CDs and DVDs that are manufactured to hold music, video, or software and those made for enterprise purposes have their data written by powerful lasers that actually form a pattern of 'pits and lands' into the surface. If a large number of copies is needed, as for the release of a movie, they may be made using mechanical techniques to 'press' the pattern into the optical surface. These may be considered 'archival' quality and are not 'writable' or 're-writable' by a computer.
A CD can store 700 MegaBytes, a DVD can store 4.7 GigaBytes of data, and the proprietary Blu-Ray, read using short-wave blue light, about 25 Gigs. DVDs may be 'error protected' by scattering error-recovery code across, similar to the schemes for higher-level RAIDs, so that they can survive scratches or other blemishes on their surface. If not burdened with DRM-Digital Rights Management DVDs are easy to copy so that archival data may be kept in multiple locations and generations.

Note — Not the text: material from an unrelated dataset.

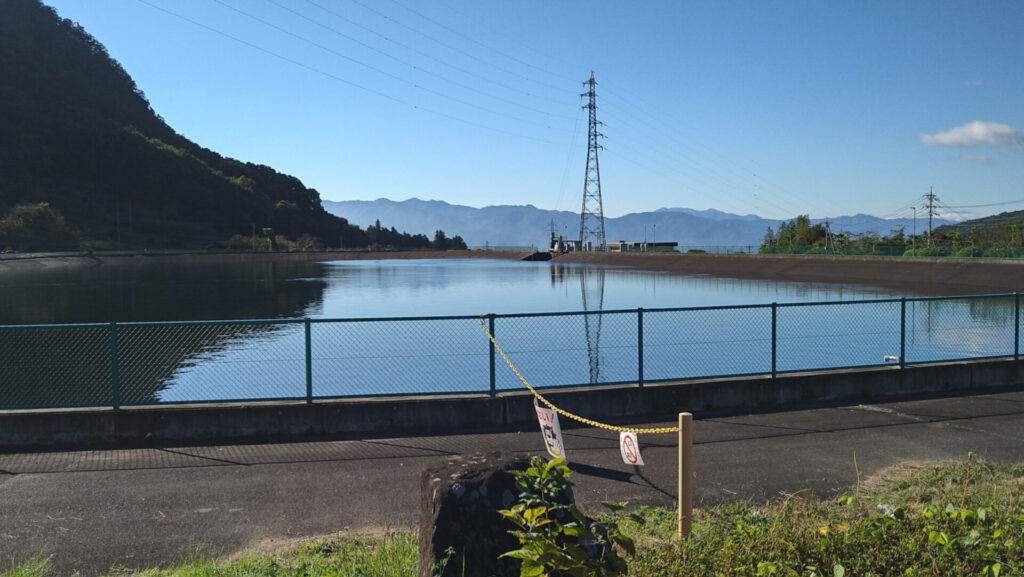 藤木調整池の風景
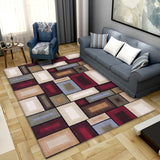 Tapis Rectangulaire Velours Cristal Géométrique – Salon 5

Industrial-strength CD and DVD-ROMs are economical media for keeping large quantities of records 'archived' on-line for quick access. Starting in the '70s the records of many/most municipalities were scanned and placed on CD, and later on DVDs. Consumer-grade CD and DVD are good options for backing up important records and memories -- if they're 'really important' it would be wise to make multiple copies and copy them periodically to make sure they haven't deteriorated.
Microforms have been used for a long time as a better alternative than paper for archiving records.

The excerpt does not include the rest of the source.